Yes, the gap didn't close, but that was because both groups did significantly better. For the gap to close, black students would have to dramatically outperform white students.
However, Fordham said the gap actually increased by 40 percentage points. Where did they get that figure?
If you read the paragraph above the one I quoted in the opinion piece, the Fordham authors are talking about the percentages of students scoring at the "Proficient" level. This is where I think their yawning 40-point gap comes from.
In 1992, 18 percent of white students scored Proficient or better on the NAEP and 3 percent of black students did. There's the 15 percentage points. In 2009, 14 percent of black students scored Proficient or better, but 54 percent of white students did that well, too. So there's the yawning 40 percentage points. (note that both groups improved their scores, but whites improved theirs at this level much more).
But at the Basic level (one level below Proficient) the gap is narrowing. In 1992, the gap between white and black students scoring at the Basic level or higher was 41 percentage points. In 2009, it was 27 points.
I'm not sure what a gap analysis at either level really tells us, though.
As my story pointed out, the insertion of these cut scores establishing proficiency levels has been controversial from the beginning. Here's some cutting-room floor material that I didn't include in the story because of space considerations:
The ''Nation's Report Card'' began in 1969 (state level reports began in 1990) as a ''solely descriptive'' sampling of the nation's students, according to Gerald Bracey, an independent researcher and national expert on testing who died in October of 2009.
''Its purpose was to provide an indicator of the nation's general education health by determining what students knew and didn't know in the same way that a health survey determines what proportion of the people have tuberculosis or low body fat,'' Bracey wrote in an article published Educational Leadership the month after he died.
That changed in 1988 when Congress amended the law to permit state-by-state comparisons and decide what students at certain ages should know, which added a prescriptive element to tests by categorizing scores as Below Basic, Basic, Proficient or Advanced.

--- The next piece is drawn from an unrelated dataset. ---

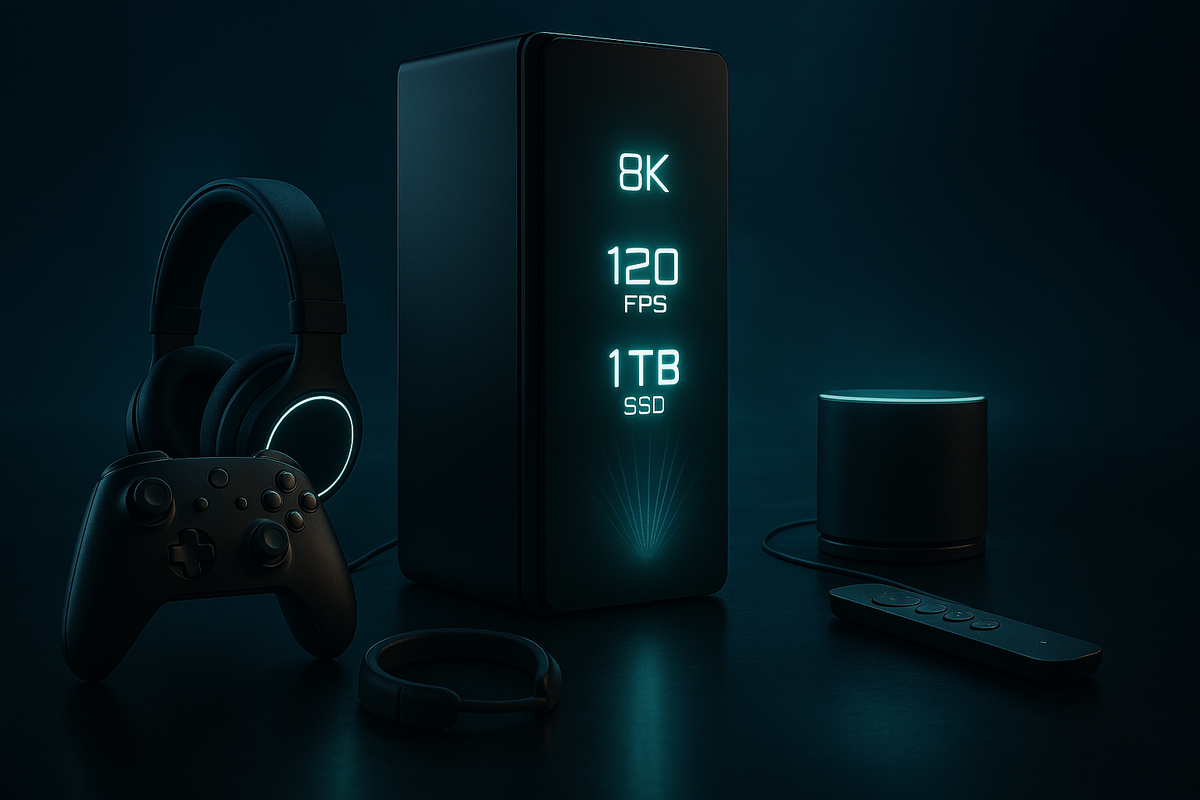 Futuristic gaming setup with glowing console specs and accessories—sleek high-tech allure, next-gen power, and immersive excitement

Bracey notes that U.S. Government Accounting Office, The National Academy of Sciences and The National Academy of Education all have criticized the achievement levels.

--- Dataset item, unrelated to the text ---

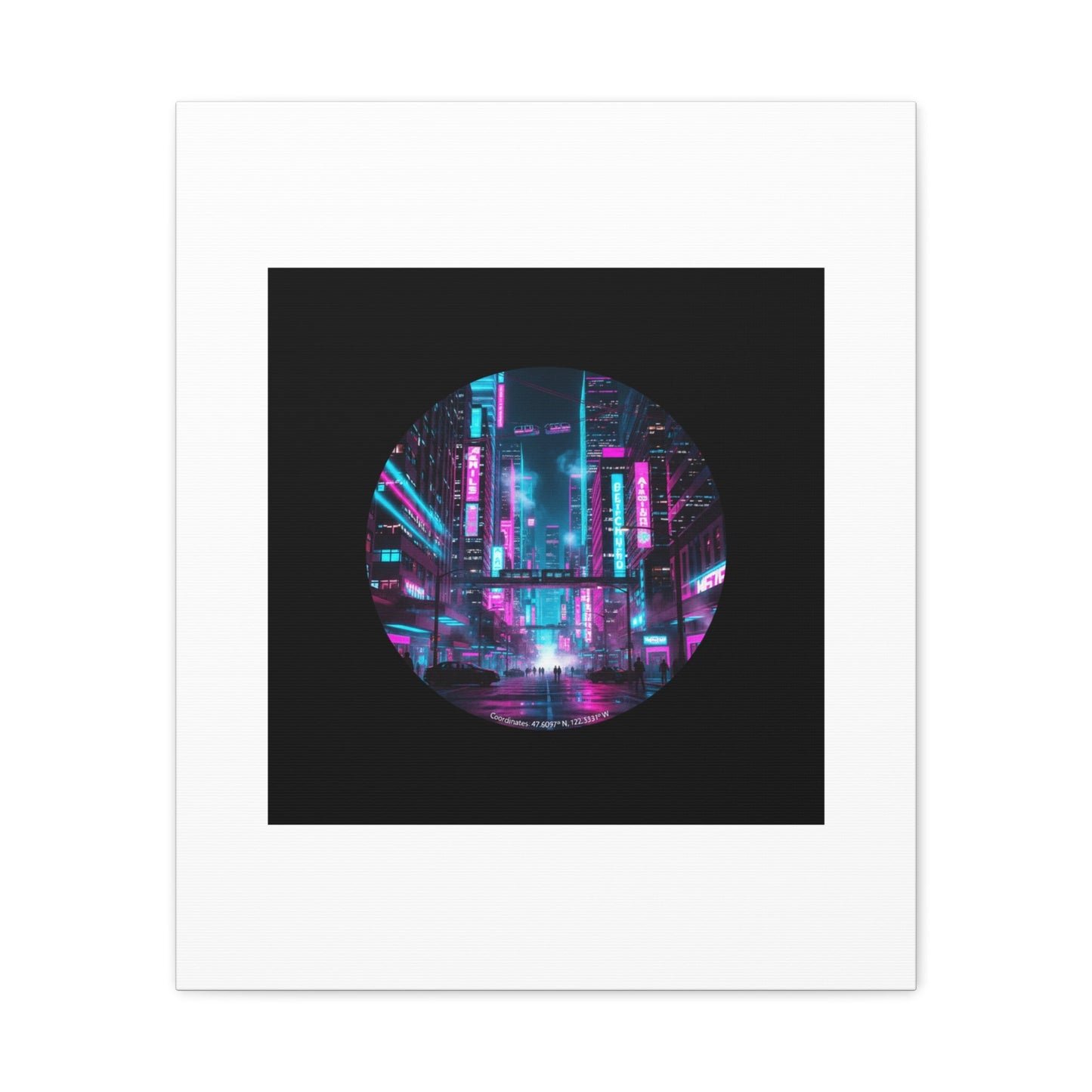 Neon Cyberpunk Cityscape Canvas | synthwave skyline, future city art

''These critiques point out that the methods for constructing the levels are flawed, that the levels demand unreasonably high performance, and that they yield results that are not corroborated by other measures,'' Bracey wrote.
Proficiency levels aside, however, it's clear that Ohio's white students and black students did not start out on an even field on this test. In 1992, the average score for white students was 222. The average score for black students was 194. In 2009, black fourth graders were getting the average score that white students got in 1992. White students scored 249 on the test in 2009.

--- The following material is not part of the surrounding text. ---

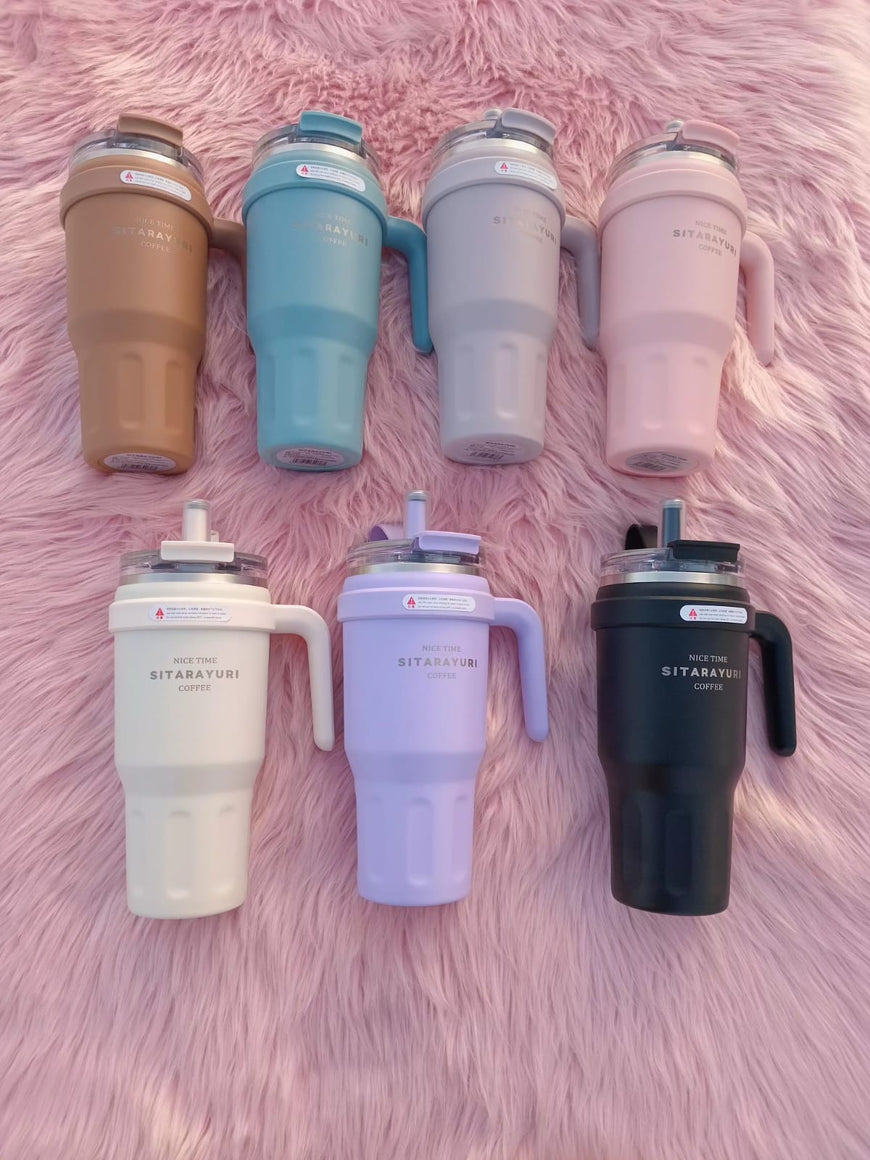 Travel Tumbler with Handle and Straw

Are those gains a big deal? Social scientists measure these things using a statistical concept known as standard deviation. This gets a little complicated, but imagine your typical bell curve graph with the average score at the top of the bell, which then slopes out in either direction approaching zero at the extremes. In a normal distribution, a third of all scores will be higher than the average and a third will be lower. That third either way is what they call a standard deviation. The rare scores on either end comprise the final third that fall outside the standard deviation.
I interviewed Richard Rothstein at the Economic Policy Institute, who told me that in social science research, a gain of more than .3 of a standard deviation would be considered a success. A gain of a whole standard deviation would be "very, very rare."
The standard deviation on the 1992 math test for Ohio black fourth graders was 29 points. The average score for black fourth graders in 2009 was 28 points higher than it was in 1992.
That's almost an entire standard deviation difference, which is what prompted Rothstein's quote that the gain was "truly extraordinary."
What I needed to do was put that gain into simple English. Mr. Rothstein kindly shared a conversion chart that matches standard deviation units to percentile ranks.
That's what allowed me to say in English that "the average black fourth-grader in 2009 scored better than 83 percent of the black students who took the test in 1992."
Finally, I doubt anyone in education is satisfied with achievement for students of any race. But it's simply not true that educators have been spinning their wheels for two decades when it comes to math, at least according to the "gold standard" of testing.